As part of First Nations’ Community Forest Program Tribal Outreach project, First Nations is hosting a series of webinars to help tribal entities interested in applying for funding through the USDA Forest Service’s annual Community Forest and Open Space Conservation Program (Community Forest Program) grant opportunity.

The first webinar was held in November 2020, and additional webinars will be featured in 2021. Information and links to presentation materials are listed below.
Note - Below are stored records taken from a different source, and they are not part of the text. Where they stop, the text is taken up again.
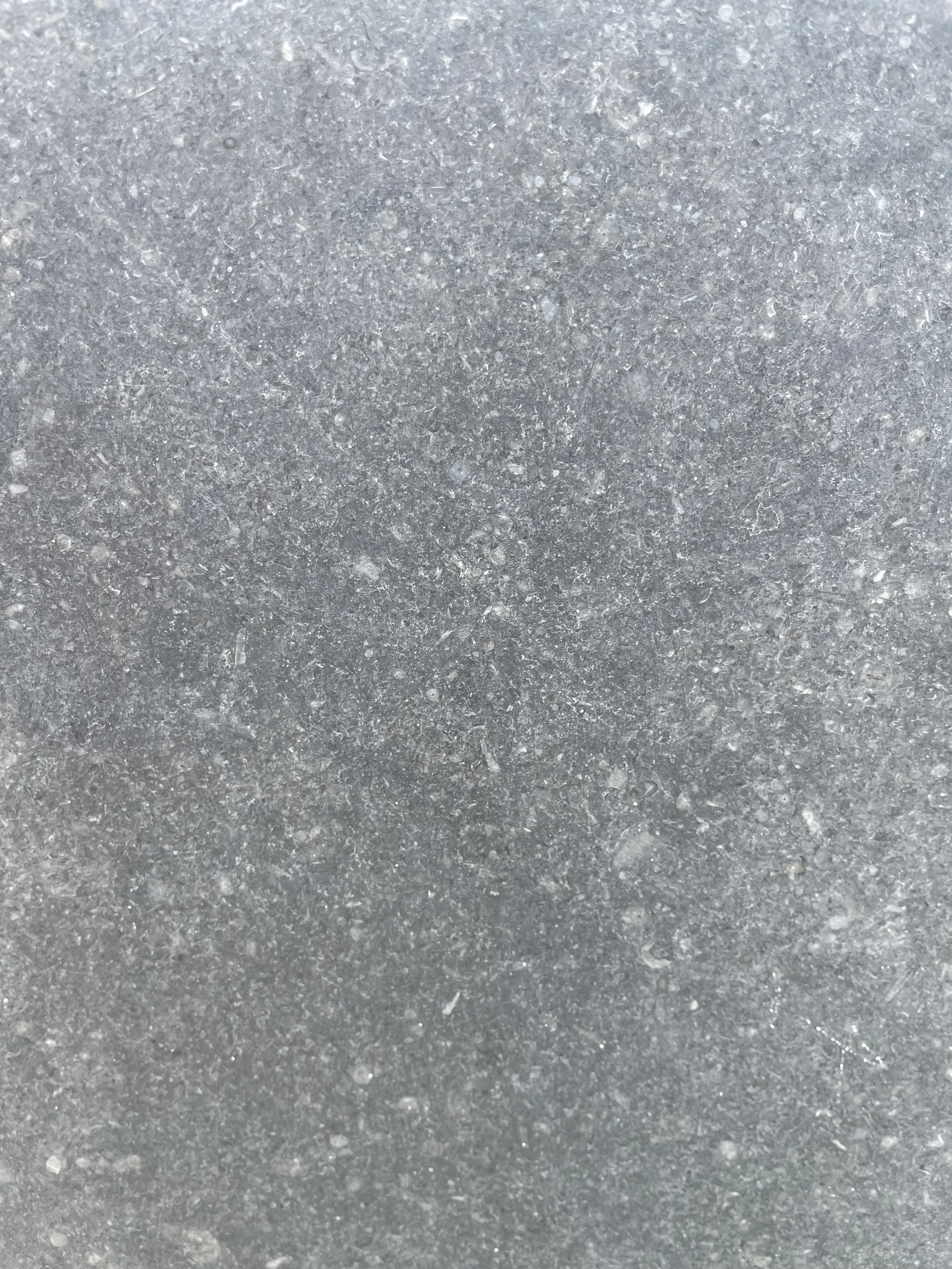 Close up of polished Kilkenny Limestone, a dark blue grey natural stone with subtle fossil markings, smooth surface and distinctive speckled texture.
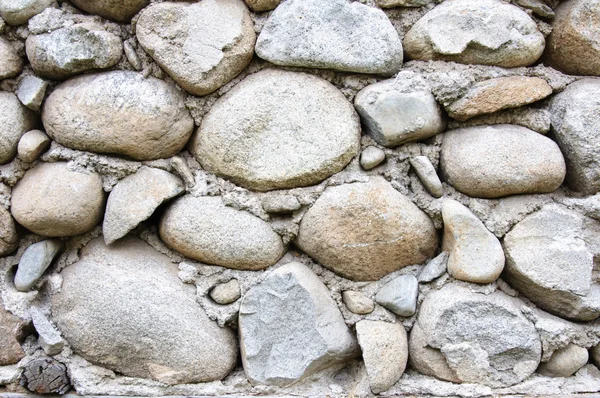 Detalj av runda stenar och cement vägg — Stockfoto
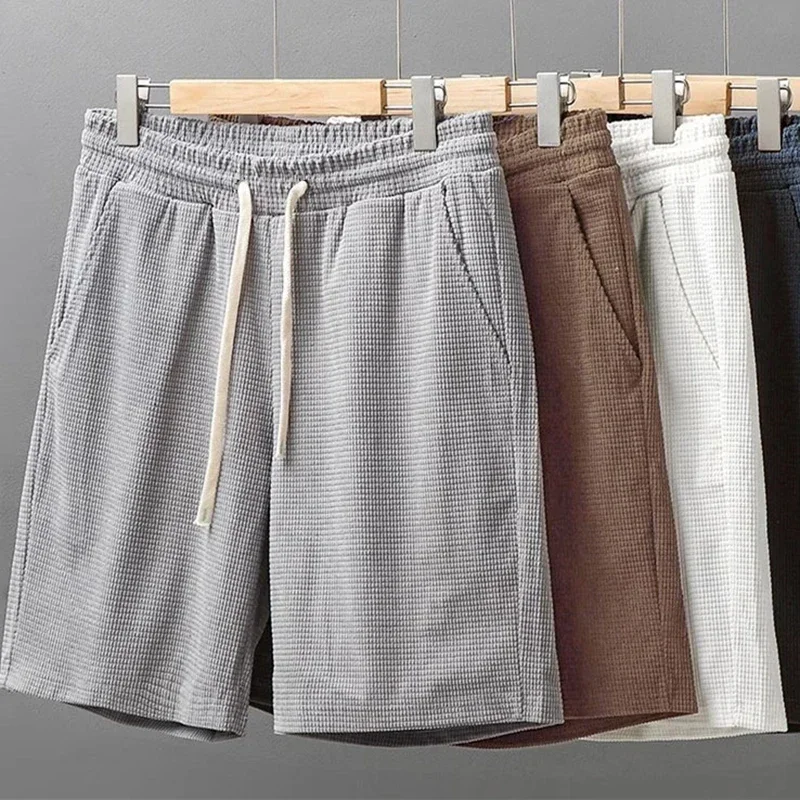 

Поп вафельные шорты мужские летние новые корейские повседневные свободные брюки длиной до колена модные универсальные однотонные баскетбольные спортивные брюки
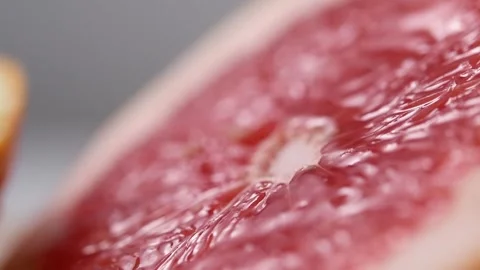 Grapefruit juice flowing down a cut fruit. Stock Footage 131998428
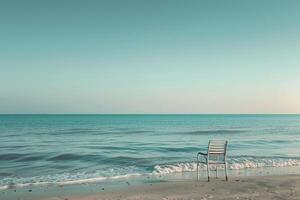 Beach chair alone facing the gentle ocean waves providing a serene and calming seaside perspective background photo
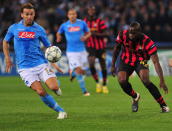 Napoli's Argentine defender Hugo Armando Campagnaro (L) fights for the ball with Manchester City's English forward Alex Nimely during the Champions League group A football match SSC Napoli vs Manchester City on November 22, 2011 at the San Paolo stadium in Naples . AFP PHOTO / ALBERTO PIZZOLI (Photo credit should read ALBERTO PIZZOLI/AFP/Getty Images)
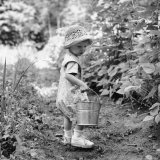 Buy Little Girl with Hat and Pail Outdoors at AllPosters.com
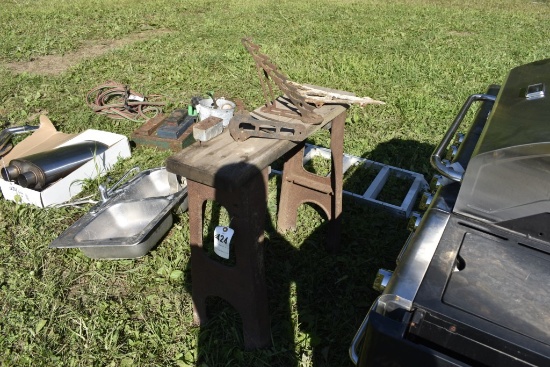 work bench with old scaffold jacks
Webinar Descriptions and Materials

Webinar 1: Community Forest Program Opportunities for Tribes and Native-led Conservation Organizations
Tribes and Native-led 501(c)3 conservation organizations are eligible to apply for funding through the USDA to establish a community forest. The funding can cover up to 50% of costs to purchase forested lands in fee simple acquisitions for community benefit. In this one-hour webinar and Q&A session, participants will learn how the USDA Community Forest Program works and how to write and submit an application. Topics include:

  • Program background and purpose
  • Eligibility
  • Application process
  • Example projects
  • Technical assistance opportunities

Access the November 18, 2020, recording and PowerPoint presentation here.

About the Presenter

Mary Adelzadeh (Navajo) has extensive experience working with tribes, federal agencies, and non-governmental organizations in natural resource planning, tribal community engagement, and facilitating collaborative management efforts. Mary is an advocate for preserving Native American values and customs tied to land and advancing economic opportunities to enhance tribal natural resources. Currently, Mary is assisting the Maidu Summit Consortium’s effort to establish a Maidu Cultural Park through restoration projects and development of a land management plan and impact assessment that integrates Maidu Traditional Ecological Knowledge and Western science. Mary also works with First Nations Development Institute as a contractor to support the Northern Great Plains Mapping Ecological Stewardship Opportunities project, serving tribes in Montana. Mary earned a MS degree with a specialization in conservation biology and ecosystem management from the University of Michigan, as well as a B.S. degree in Environmental Biology and Management with an emphasis in wildlife conservation from UC Davis.